Traducteur Français : DrizztDoUrden
 Édition : Sehri / Kulmai
Check : Kulmai / Sehri

Chapitre 17 : Cinglée !

Tung-on était une ville typique de la région, située presque à mi-chemin entre Fan, près de la rivière Fei, et Nansun construite au bord de la rivière Chezou. Cette ville de Tung-on possédait un nom étranger beaucoup plus long et compliqué mais la plupart des gens l’appelait simplement Tung-on. A l’ouest de cette ville se trouvait la Forêt de Zhang Chang, autrement surnommée la Forêt du Petit Démon, tandis que le Mont Dao se trouvait à l’est. Des rumeurs circulaient comme quoi l’Empereur Démoniaque prévoyait de construire un canal reliant directement les deux grandes rivières et qui pourrait passer directement dans Tung-on. Mais cela ne restait que des rumeurs.

Elle était une véritable plaque tournante mais aussi une ville frontalière pour les armées de l’Empereur Démoniaque étant donné qu’elle était la ville la plus au Nord sous son contrôle. Tout ce qui se situait au nord de la rivière Chezou était considéré comme des terres libres, bien que certaines régions à l’extrême nord-est de Qi Xien aient été envahies ou pillées ces dernières années.

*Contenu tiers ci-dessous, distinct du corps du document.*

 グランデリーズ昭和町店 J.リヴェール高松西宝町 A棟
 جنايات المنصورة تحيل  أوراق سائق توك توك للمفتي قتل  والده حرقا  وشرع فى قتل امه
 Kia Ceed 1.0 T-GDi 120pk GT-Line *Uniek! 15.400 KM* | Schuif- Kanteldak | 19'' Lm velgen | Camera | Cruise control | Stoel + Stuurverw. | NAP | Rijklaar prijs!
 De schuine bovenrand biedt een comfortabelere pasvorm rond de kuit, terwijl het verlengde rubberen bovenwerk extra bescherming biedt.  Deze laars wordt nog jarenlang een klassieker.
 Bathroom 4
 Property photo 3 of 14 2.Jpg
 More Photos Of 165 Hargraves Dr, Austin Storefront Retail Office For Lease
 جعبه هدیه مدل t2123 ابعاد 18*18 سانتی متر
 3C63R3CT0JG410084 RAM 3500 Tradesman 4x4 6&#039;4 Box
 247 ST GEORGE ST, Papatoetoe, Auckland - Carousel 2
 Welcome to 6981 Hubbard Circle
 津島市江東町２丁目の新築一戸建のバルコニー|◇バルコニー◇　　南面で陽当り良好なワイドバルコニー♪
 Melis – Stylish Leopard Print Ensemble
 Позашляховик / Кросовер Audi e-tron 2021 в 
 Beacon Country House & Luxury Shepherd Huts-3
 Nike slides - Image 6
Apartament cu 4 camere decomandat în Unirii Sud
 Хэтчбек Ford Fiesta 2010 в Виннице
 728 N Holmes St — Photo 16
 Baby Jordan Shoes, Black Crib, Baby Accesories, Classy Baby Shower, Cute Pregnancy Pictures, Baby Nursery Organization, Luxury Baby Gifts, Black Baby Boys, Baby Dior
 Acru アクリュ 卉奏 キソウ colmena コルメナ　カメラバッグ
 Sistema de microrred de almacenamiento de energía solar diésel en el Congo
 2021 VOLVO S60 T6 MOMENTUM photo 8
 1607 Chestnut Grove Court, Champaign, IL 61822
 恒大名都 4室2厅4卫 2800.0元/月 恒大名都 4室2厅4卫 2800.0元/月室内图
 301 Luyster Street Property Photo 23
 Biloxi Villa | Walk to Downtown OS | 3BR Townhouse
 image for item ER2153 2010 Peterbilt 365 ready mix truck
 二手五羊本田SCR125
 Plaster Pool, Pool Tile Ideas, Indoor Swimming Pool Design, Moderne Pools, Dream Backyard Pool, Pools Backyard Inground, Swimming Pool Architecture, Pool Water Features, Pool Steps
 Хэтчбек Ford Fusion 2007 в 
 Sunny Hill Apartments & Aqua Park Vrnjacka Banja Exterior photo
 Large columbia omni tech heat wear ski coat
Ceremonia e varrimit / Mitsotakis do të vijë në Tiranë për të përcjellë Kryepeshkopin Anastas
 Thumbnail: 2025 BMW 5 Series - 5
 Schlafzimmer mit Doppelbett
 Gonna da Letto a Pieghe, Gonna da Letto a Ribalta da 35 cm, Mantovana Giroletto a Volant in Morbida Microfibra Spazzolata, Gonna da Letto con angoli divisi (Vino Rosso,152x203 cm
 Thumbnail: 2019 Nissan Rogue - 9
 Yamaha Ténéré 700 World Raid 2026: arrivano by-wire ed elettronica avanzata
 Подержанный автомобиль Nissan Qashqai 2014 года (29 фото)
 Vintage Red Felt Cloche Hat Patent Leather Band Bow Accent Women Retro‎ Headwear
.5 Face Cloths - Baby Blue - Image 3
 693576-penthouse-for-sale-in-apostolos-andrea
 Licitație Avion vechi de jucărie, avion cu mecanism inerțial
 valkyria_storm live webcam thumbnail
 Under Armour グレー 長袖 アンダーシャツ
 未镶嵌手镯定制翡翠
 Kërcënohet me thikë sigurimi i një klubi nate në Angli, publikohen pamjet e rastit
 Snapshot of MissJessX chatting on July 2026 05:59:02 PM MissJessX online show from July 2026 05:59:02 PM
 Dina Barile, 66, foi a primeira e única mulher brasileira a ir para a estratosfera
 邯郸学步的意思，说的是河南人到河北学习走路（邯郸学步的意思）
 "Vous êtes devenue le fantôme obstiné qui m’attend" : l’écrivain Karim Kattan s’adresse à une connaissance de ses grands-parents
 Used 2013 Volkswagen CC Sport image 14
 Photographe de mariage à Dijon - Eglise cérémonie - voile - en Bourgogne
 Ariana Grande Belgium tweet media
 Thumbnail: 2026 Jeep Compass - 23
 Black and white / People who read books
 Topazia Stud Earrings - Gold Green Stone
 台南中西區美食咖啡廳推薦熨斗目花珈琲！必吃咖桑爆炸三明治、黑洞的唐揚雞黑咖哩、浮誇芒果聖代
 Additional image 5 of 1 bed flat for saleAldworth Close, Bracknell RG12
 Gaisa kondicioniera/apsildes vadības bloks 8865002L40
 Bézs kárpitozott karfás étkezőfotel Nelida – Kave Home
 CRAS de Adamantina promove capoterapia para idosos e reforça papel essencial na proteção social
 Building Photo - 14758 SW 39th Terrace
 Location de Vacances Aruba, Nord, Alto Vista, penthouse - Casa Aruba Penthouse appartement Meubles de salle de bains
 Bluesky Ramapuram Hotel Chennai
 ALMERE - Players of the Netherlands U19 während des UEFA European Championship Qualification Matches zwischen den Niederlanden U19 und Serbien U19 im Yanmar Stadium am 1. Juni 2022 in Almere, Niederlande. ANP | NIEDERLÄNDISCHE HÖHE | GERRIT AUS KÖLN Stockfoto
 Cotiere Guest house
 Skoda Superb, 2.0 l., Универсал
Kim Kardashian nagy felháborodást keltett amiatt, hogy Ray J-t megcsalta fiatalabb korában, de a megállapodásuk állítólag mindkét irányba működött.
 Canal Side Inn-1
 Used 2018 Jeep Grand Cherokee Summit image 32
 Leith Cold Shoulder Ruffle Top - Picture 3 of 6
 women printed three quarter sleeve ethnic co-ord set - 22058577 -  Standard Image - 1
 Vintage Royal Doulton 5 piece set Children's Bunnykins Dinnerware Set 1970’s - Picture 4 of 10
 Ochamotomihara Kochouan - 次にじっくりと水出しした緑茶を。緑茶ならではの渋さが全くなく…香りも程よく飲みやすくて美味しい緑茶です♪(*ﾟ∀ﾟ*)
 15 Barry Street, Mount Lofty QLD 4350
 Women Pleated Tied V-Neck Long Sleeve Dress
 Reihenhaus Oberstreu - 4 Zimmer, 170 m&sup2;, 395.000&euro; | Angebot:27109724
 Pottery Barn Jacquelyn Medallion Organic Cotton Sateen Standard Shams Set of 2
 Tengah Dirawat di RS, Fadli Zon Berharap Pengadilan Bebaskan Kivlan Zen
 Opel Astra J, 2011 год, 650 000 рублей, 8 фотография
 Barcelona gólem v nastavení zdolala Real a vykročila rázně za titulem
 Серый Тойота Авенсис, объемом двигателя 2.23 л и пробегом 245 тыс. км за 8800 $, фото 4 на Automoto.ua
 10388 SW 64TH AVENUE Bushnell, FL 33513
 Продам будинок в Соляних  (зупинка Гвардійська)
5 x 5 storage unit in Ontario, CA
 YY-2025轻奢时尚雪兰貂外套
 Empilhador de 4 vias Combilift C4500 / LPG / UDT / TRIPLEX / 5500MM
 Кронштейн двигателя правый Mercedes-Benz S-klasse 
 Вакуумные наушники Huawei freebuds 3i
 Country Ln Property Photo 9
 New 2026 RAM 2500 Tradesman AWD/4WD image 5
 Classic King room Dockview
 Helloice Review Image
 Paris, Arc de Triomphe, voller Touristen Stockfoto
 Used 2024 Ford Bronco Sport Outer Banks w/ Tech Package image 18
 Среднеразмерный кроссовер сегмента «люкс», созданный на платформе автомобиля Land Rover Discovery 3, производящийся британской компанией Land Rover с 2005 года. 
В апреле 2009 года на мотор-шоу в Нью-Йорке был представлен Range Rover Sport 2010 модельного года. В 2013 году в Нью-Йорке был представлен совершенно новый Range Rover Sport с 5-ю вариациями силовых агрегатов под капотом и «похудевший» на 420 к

Le commerce était toujours présent entre l’Empire Hen-Shi et les cités méridionales. Les riches gisements d’or étaient après tout sous le contrôle des Hen-Shi et même l’Empereur Démoniaque avait besoin d’or pour diriger son empire.

Au final, Bao avait décidé de ne prendre avec elle qu’un petit groupe pour aller à Tung-on. Ce groupe était composé de Mao Yun, de Zhou le Troisième et de Liu Runfa, l’ancien gestionnaire du Chef Wang qui était déjà passé dans cette cité. Ils se divisèrent en deux petits groupes : Bao et Mao Yun entrèrent par la porte nord tandis que Zhou le Troisième et Liu Runfa entrèrent par la porte sud.

Bien que la ville soit frontalière et qu’elle hébergeait des personnes étranges que l’on ne s’attendrait pas à voir dans les régions centrales, Bao n’arrivait pas à être calme lorsqu’elle se voyait entrer dans cette ville en tant que femme. Par conséquent, elle s’était déguisée en homme, une chose dans laquelle elle excellait depuis le temps où elle vagabondait la nuit dans les rues de Yu Zhing.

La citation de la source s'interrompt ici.